Yak in Mongolia reside in very similar habitat to snow leopards. Yak usually graze in high alpine pastures (mainly at altitudes above 2500 masl) and are left to roam freely in the mountains in winter without protection. Yak graze on 49 species of vegetation, the dominant types being Cetraria, Betula, Kobresia and Cladonia (Magash and Jaina, in preparation). They generally move 3–5 km/day while grazing and rest under cliffs where it is easier for snow leopards to catch them. Though yak and snow leopards ranges overlap in summer, snow leopards mainly preys on yak in winter when small mammals and marmots are not available. The snow leopard seems to prey on yak because 1) their respective ranges overlap, and 2) because yak are left unguarded while they graze. More work is needed to determine the actual extent of yak' depredation, including the extent of economic loss to herders, and means of controlling predation, if local communities deem it a major problem.

Acknowledgement

Thanks to Dr Thomas M. McCarthy, International Snow Leopard Trust, for co-operation and information on Mongolian snow leopard populations and habitat assessment.

References

Amarsanaa G. 1985. Winter diet of the snow leopard (Uncia uncia) in Burkhan Buudai Mountain, Mongolia. Proceedings of the Institute of General and Experimental Biology-Ulaanbaatar 20:151–153. [in Mongolian].
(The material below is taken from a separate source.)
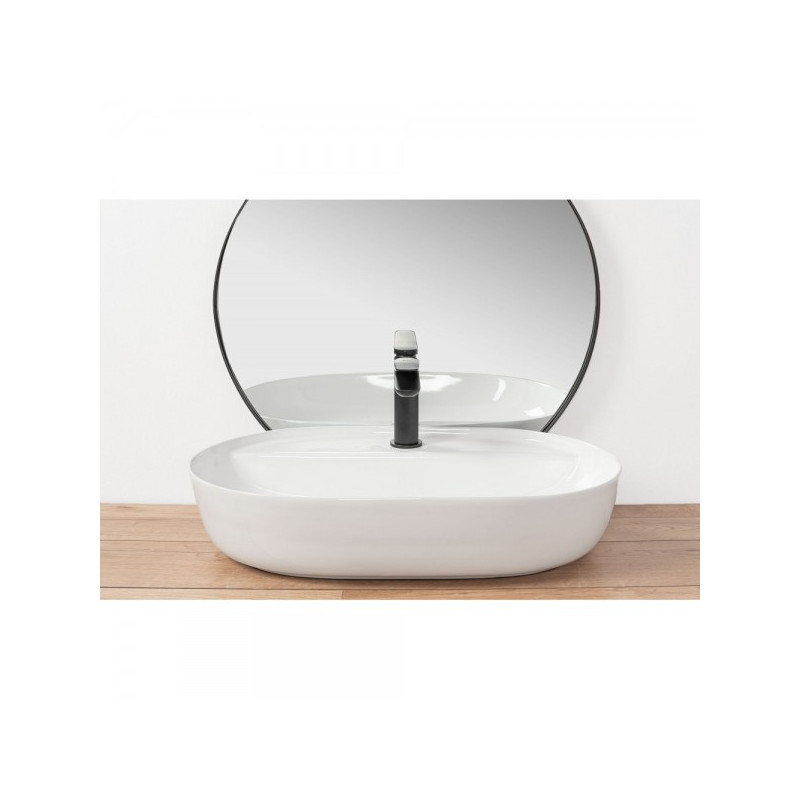 Умывальник Rea Aura - вид спереди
Amgalanbaatar S., Munkhtsog B. and Tserendeleg J. 1999. The snow leopards in South Gobi, Mongolia and its relationship with domestic livestock as a prey. Proceedings of the Mongolian State University (Biology section) 46:74–82. [in Mongolian].
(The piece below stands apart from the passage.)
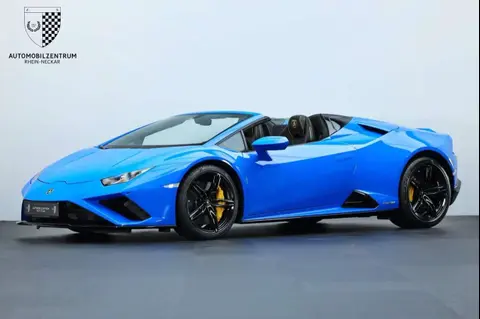 Used LAMBORGHINI HURACAN Petrol 2020 Ad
Bannikov A.G. 1954. Mammals of the Mongolian Peoples Republic. Academy of Sciences, Moscow, Russia. 699 pp. [in Russian].

Bold A. and Dorjzunduy S. 1976. Report on snow leopards in the southern spurs of the Gobi Altai. Proceedings of the Institute of General and Experimental Biology-Ulaanbaatar11:27–43. [in Mongolian].

Dash Y., Szaniawski G. and Hunkeler P. 1977. Observations on some large mammals of the Trans-Altai, Djungarson and Shargin Gobi, Mongolia. La Terre et la Vie 31:587–96.

Mallon D. 1984. The snow leopard, Panthera uncia, in Mongolia. International Pedigree Book of Snow Leopards 4:3–10. Helsinki Zoo, Helsinki, Finland.

McCarthy T.M., Munkhtsog B. and Buyantsog B. 2000. Distribution, abundance and conservation of the snow leopards in Mongolia.

O'Gara B. 1988. Snow leopards and sport hunting in the Mongolian People's Republic. In: Freeman H. (ed), Proceedings of the 5th International Snow Leopard Symposium. International Snow Leopard Trust and Wildlife Institute of India 5:215–225.

Oli M.K. 1993. Diet of the snow leopard in Annapurna Conservation Area, Nepal. Journal of Zoology (London) 231:365–370.

Schaller G.B., Tserendeleg J. and Amarsana G. 1994. Observations on snow leopards in Mongolia. In: Joseph L.F. and Du Jizeng (eds), Proceedings of the 7th international snow leopard symposium, Xining, Qinghai, People's Republic of China 7:33–42.

Teerink. B.J. 1991. Hair of West-European Mammals: Atlas and Identification Key. Cambridge University Press, Cambridge, UK. 224 pp.

Zhirnov L.V. and Ilyinsky V.O. 1986. The Great Gobi National Park-A refuge for rare animals of the central Asian deserts. Centre for International Projects, Moscow, USSR.